Tövbekâr eylül
Eylül ayına girince birden bir hüzün kaplar insanı. Yıl bitti hissi gelir, her düşen yaprakla bir gün daha hayattan eksiliyor gibi olur.
cumhuriyet.com.trYazın geçip gidiverdiğini idrak etmek de, kabul etmek de zor gelir insana. Eylül biraz da yılın sonu gibidir. Rüzgârda yapraklar nazlı nazlı salınmaya değil hırçın hırçın hışırdamaya başlar. Geceler daha bir erken gelir. Biraz geç kalmış bir akşam alışverişinde manav ampulleri yanınca kış gelmiş demektir. Kış mevsimine ruhen hazırlanmak ağustostan başlar. İncir çıkınca sonbaharın habercisi denir, ağustosun yarısı yaz, yarısı kış denir, ağustosun ikinci yarısında esen rüzgârlar insana yaz ortasında yazı özletir.
Yılın sonuna gelmek insanda bir hesaplaşma duygusu yaratır. Mevsimlerin döndüğü zamanlar biraz da hesaplaşma dönemidir. Eylül bazılarınca gerçekten de yılın sonudur. İbrani takvimine göre yılın son ayı eylüldür. Yazın bereketi sonlanıp hasat kalktıktan sonra tarım yılı biter. Hasattan sonra yılın getirisi götürüsü, hesabı kitabı hem manen hem de maddeten yapılır. Para pul hesabı kadar vicdan muhasebesi de önemlidir. Vicdanlarda geçmiş yılın günahı sevabı tartılır. İbranice eylül anlamına gelen “Elul” sözcüğü arayış anlamına gelir. Eylül ayı doğruyu arama ve tövbe zamanıdır. Yılın sona ermesiyle birlikte yeni başlangıçlar için de umut zamanıdır.
Önümüzdeki hafta 18 Eylül’de kutlanacak Roş Aşana Museviler için yılbaşı oluyor. Roş Aşana sofrasında yeni yıl için iyi dilekleri simgeleyen yiyeceklerin bulunması çok önemli. İyi dilekleri temsil eden yiyeceklerden biri balık. Balık bereketi ve çoğalmayı simgeler.

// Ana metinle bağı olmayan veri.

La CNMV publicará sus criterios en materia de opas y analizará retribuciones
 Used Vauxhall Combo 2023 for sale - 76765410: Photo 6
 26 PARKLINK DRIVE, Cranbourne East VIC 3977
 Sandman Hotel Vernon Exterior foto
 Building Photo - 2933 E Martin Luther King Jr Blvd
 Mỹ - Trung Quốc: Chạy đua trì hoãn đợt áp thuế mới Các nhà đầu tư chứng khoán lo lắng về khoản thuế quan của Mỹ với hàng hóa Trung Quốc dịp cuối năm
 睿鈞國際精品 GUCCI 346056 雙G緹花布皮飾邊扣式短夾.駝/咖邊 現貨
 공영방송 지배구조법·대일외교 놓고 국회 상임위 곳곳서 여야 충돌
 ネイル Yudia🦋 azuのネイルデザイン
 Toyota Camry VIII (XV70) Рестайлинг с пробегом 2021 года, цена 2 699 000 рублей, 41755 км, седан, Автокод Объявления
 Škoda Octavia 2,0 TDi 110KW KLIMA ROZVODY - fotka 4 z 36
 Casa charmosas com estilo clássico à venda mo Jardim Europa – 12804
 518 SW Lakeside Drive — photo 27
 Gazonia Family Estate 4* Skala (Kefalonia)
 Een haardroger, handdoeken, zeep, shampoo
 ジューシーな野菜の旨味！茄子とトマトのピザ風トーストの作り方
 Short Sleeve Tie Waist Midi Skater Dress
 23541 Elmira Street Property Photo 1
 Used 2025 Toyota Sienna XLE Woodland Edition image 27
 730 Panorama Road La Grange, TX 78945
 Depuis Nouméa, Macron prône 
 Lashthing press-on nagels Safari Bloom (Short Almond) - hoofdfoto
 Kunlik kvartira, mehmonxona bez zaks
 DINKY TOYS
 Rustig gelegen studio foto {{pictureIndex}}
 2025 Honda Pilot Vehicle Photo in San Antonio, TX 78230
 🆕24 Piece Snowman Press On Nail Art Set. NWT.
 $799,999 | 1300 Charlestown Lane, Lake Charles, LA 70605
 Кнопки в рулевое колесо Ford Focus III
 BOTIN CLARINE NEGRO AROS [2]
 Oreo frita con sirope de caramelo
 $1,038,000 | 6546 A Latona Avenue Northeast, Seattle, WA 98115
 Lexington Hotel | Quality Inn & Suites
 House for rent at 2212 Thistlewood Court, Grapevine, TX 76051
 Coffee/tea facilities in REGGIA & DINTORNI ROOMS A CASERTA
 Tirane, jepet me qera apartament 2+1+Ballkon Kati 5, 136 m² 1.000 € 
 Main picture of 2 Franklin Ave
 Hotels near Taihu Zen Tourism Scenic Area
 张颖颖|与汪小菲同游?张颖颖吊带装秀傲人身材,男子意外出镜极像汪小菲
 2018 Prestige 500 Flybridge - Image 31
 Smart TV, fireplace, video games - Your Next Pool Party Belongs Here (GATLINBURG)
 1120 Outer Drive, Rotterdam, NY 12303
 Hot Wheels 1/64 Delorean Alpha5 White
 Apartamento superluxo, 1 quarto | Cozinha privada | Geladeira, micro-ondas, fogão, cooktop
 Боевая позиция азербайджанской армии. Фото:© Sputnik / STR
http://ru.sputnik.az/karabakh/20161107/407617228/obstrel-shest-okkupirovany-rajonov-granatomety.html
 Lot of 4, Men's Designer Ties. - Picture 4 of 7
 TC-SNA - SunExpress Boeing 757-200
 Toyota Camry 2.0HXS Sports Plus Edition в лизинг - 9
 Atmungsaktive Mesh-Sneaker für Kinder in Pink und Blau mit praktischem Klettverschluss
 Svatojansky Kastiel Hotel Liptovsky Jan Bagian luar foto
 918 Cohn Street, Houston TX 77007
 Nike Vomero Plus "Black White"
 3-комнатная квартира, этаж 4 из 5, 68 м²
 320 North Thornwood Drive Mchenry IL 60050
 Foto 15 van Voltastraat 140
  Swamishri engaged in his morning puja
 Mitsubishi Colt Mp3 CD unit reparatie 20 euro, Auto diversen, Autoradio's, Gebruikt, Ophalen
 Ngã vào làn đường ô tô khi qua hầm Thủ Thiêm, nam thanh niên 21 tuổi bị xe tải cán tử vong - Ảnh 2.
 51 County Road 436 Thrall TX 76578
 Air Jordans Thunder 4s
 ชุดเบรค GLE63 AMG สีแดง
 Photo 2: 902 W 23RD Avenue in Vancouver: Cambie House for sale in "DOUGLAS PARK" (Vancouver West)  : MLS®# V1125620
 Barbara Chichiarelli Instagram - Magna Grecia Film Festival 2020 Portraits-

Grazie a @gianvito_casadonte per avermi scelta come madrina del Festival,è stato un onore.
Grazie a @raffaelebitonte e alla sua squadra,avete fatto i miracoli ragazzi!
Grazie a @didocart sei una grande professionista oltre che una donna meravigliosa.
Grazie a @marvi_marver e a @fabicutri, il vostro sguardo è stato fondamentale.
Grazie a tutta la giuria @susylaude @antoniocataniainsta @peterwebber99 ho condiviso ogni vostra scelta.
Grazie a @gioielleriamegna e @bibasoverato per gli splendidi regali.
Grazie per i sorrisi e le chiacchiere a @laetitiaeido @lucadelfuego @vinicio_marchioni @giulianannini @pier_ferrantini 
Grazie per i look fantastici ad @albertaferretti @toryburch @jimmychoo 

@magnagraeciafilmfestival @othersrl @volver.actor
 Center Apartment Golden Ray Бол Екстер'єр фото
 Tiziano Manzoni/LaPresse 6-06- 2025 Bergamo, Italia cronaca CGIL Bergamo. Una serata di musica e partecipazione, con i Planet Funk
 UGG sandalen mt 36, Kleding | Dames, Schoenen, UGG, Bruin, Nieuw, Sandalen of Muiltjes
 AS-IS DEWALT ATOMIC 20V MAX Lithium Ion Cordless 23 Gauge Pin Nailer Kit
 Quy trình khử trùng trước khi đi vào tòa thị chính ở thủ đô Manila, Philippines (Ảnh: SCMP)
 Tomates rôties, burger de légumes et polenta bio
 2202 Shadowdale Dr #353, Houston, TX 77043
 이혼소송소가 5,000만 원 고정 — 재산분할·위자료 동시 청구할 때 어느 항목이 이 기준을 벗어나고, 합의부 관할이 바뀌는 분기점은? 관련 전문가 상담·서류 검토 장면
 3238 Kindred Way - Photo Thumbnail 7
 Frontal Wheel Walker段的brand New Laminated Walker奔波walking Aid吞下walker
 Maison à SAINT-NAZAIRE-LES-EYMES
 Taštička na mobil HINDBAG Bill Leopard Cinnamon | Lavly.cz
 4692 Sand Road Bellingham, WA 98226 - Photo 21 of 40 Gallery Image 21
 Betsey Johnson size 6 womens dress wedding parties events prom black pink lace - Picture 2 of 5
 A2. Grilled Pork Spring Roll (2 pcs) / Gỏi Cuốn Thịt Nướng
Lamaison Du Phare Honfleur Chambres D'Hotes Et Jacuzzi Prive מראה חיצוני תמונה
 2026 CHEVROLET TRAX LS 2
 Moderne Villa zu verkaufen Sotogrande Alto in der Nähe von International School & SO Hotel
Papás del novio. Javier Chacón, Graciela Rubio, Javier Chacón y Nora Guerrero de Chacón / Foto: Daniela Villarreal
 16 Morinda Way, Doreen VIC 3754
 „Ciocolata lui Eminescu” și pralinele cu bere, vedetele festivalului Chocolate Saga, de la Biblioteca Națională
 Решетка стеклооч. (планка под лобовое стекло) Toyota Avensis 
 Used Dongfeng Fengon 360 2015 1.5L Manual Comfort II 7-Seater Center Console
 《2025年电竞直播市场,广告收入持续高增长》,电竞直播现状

Birbirinden çok farklı, bir o kadar da köklü üç kültürde balığın temsil ettiği değerler çok önemlidir. Çin, İran ve Yahudi kültürlerinde balık yeni yılın vazgeçilmez yiyeceğidir. Balığın olmadığı durumlarda ve coğrafyalarda bile balık simgesel olarak sofrada temsil edilir. İran yeni yılı olan Nevruz’da sofrada billur bir kap içinde kırmızı bir gelin balığı salınır. Çin’de de aynı şekilde sofraya cam bir fanusta süs balığı konur ya da balık şeklinde oyulmuş ahşap bir heykelcik veya porselen bir biblo yerleştirilir. Böylece yeni yılın bolluk ve bereket içinde geçmesi umulur. Balığı bütün olarak sunmak da önemlidir. Bütün olarak sofraya gelen balık aynı zamanda insanın kendi iç bütünlüğünü temsil eder. Gerek kişisel, gerek toplumsal bütünlük, birlik ve beraberlik balık ile sofrada yerini bulur. Roş Aşana’da balık kafasının ailenin başı olan evin reisine sunulması da âdettendir. Roş, baş demek olduğu için balık kafası sofrada mutlaka bulunması gereken bir öğedir.
Roş Aşana’da iyi dilekler tatlı yiyelim tatlı konuşalım misali tatlı ikramıyla son bulur. Yeni yılın ilk meyvesi kabul edilen elma bala batırılarak yenir ya da elma reçeli olarak sunulur. Böylece tövbekâr eylül ayı geride bırakılıp tatlı geçecek temiz bir yılın sayfası açılır.